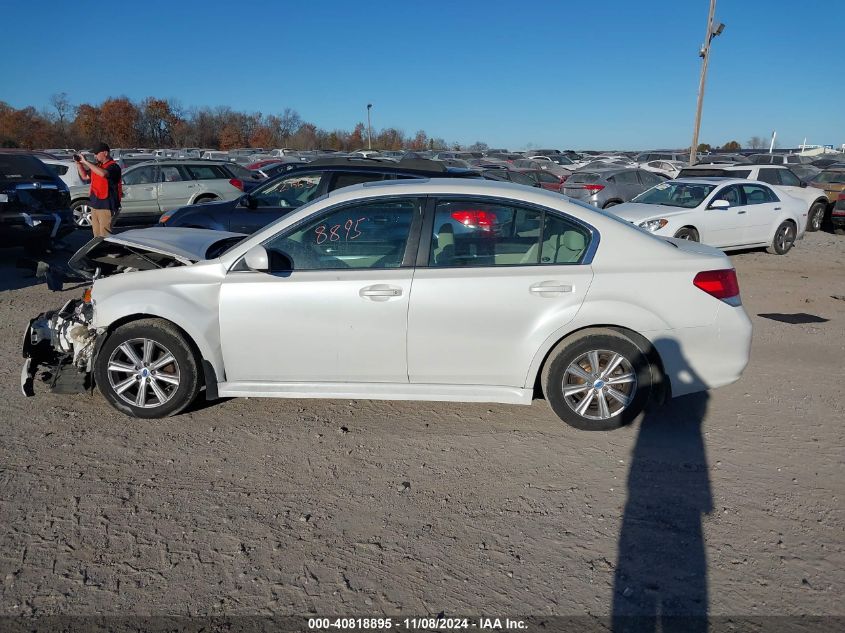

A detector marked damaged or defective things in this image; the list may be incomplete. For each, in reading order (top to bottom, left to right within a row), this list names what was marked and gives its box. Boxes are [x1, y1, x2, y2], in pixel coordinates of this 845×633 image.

crumpled hood [608, 202, 692, 225]
broken front bumper [21, 298, 99, 396]
damaged front end of car [21, 294, 101, 392]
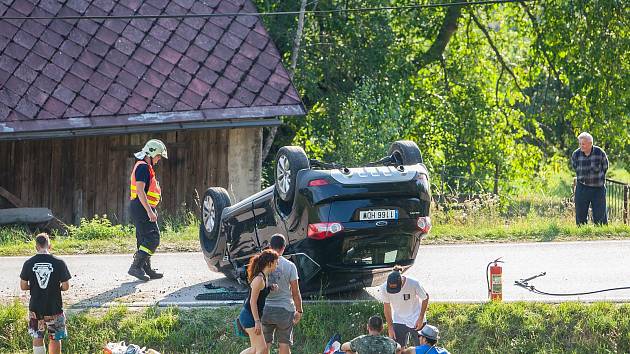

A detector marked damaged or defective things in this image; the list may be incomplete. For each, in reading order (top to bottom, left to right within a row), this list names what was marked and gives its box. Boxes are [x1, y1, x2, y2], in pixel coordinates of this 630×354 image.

overturned car [200, 140, 432, 294]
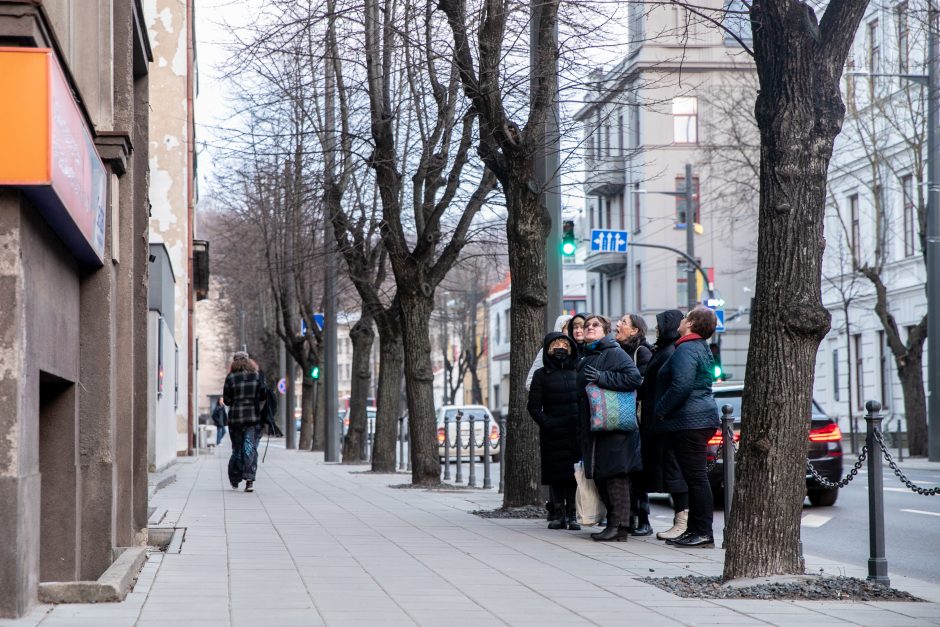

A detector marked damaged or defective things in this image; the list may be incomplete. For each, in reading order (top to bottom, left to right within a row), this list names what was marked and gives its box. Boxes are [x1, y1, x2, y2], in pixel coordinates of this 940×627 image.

## [Instructions to follow]
When you write out the material, reproduce each line exactly and omit any picture it holds.

## [Completed task]
A detector marked damaged or defective things in this image; the list may be incomplete. For each, in reading order (top to bottom, left to right within a row), this list names what was marked and gives its box. Boxes are [x1, y1, x2, y2], in pixel coordinates of this 845×633 image.

crumpled hood [608, 202, 692, 225]
broken front bumper [21, 298, 99, 396]
damaged front end of car [21, 294, 101, 392]

A detector marked damaged or defective things in this image; the list may be incomplete. For each, in reading order (top to bottom, left to right within a row), this list names what was marked and gives its box. Boxes are [x1, y1, x2, y2], in pixel coordinates of this 630×354 image.

overturned car [200, 140, 432, 294]

A detector marked damaged or defective things in this image; the list may be incomplete. For each, in reading order (top to bottom, left to right within a row), this list names what was marked and gives its box. Boxes are [x1, y1, x2, y2], in pixel coordinates of this 940×627 image.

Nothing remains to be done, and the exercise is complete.